The recent demonstration of modest single-agent activity of programmed death-ligand 1 (PD-L1) and programmed death receptor-1 (PD-1) antibodies in patients with breast cancer has generated hope that breast cancer can be made amenable to immunotherapy. Depending on the subtype of breast cancer, it is now clear in both primary and metastatic disease that the extent of tumor-infiltrating T cells is not only prognostic for survival but predictive of response to nonimmune, standard therapies. Despite these findings, immune cytolytic activity in spontaneous breast tumors, the burden of nonsynonymous tumor mutations, and the predicted load of neoepitopes-factors linked to response to checkpoint blockade in other malignancies-are all relatively modest in breast cancer compared with melanoma or lung cancer. Thus, in breast cancer, combinations of immune agents with nonredundant mechanisms of action are high-priority strategies. For most breast cancers that exhibit relatively modest T-cell infiltration, major challenges include immune suppression in the tumor microenvironment as well as failed or suboptimal T-cell priming. Agents that trigger T-cell responses may be critical for the successful development of cancer immunotherapy and immune prevention in breast cancer. Success may also require reaching beyond nonsynonymous mutations as the T-cell epitopes to target, especially as numerous unmutated proteins were validated as breast cancer-associated antigens in the pre-checkpoint era. A deeper understanding of the immunobiology of breast cancer will be critical for immunotherapy to become broadly relevant in this disease.

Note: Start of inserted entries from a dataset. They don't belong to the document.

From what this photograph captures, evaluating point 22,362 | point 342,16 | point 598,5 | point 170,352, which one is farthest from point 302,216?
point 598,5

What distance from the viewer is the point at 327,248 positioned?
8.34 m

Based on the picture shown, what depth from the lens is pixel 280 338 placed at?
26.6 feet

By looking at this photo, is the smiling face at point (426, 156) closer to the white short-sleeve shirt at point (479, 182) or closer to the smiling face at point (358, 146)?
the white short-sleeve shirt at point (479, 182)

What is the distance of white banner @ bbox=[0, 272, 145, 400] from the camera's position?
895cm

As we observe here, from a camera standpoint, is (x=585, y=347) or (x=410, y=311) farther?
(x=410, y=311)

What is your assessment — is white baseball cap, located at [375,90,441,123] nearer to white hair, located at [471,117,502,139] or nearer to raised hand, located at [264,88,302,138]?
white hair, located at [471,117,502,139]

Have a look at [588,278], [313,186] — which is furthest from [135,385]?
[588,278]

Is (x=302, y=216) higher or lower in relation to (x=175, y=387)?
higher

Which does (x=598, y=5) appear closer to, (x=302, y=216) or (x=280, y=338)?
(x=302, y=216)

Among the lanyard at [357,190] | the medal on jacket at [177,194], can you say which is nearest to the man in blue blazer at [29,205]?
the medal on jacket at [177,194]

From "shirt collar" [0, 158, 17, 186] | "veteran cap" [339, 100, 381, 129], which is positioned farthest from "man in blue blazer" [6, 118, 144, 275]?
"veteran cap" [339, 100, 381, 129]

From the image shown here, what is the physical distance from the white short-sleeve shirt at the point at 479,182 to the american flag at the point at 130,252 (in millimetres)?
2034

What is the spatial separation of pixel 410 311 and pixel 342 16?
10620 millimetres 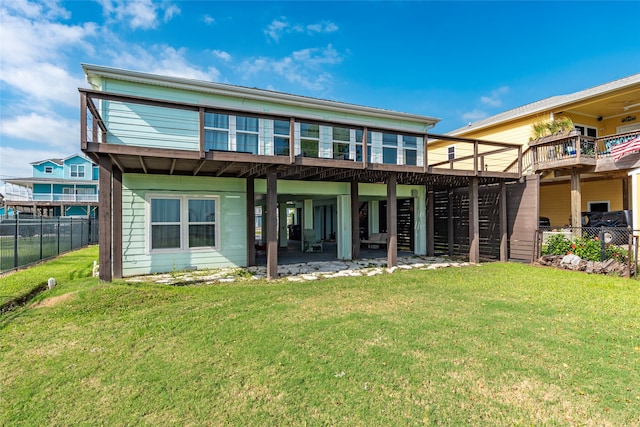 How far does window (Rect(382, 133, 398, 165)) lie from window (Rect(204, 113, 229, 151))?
5477 millimetres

近期研究表明,程序性死亡配体1(PD-L1)和程序性死亡受体1(PD-1)抗体在乳腺癌患者中具有一定的单药活性,这让人们燃起了乳腺癌有望接受免疫治疗的希望。根据乳腺癌的亚型,目前在原发性和转移性疾病中均已明确,肿瘤浸润性T细胞的程度不仅对生存具有预后意义,而且还能预测对非免疫标准疗法的反应。尽管有这些发现,但与黑色素瘤或肺癌相比,自发性乳腺肿瘤中的免疫细胞溶解活性、非同义肿瘤突变的负担以及新抗原的预测负荷(这些因素与其他恶性肿瘤中对检查点阻断的反应相关)在乳腺癌中都相对较低。因此,在乳腺癌中,具有非冗余作用机制的免疫药物联合使用是优先策略。对于大多数T细胞浸润相对较少的乳腺癌来说,主要挑战包括肿瘤微环境中的免疫抑制以及T细胞启动失败或效果不佳。触发T细胞反应的药物对于乳腺癌癌症免疫治疗和免疫预防的成功发展可能至关重要。成功还可能需要超越将非同义突变作为T细胞表位进行靶向,尤其是因为在检查点时代之前,众多未突变的蛋白质已被确认为乳腺癌相关抗原。深入了解乳腺癌的免疫生物学对于免疫治疗在这种疾病中广泛发挥作用至关重要。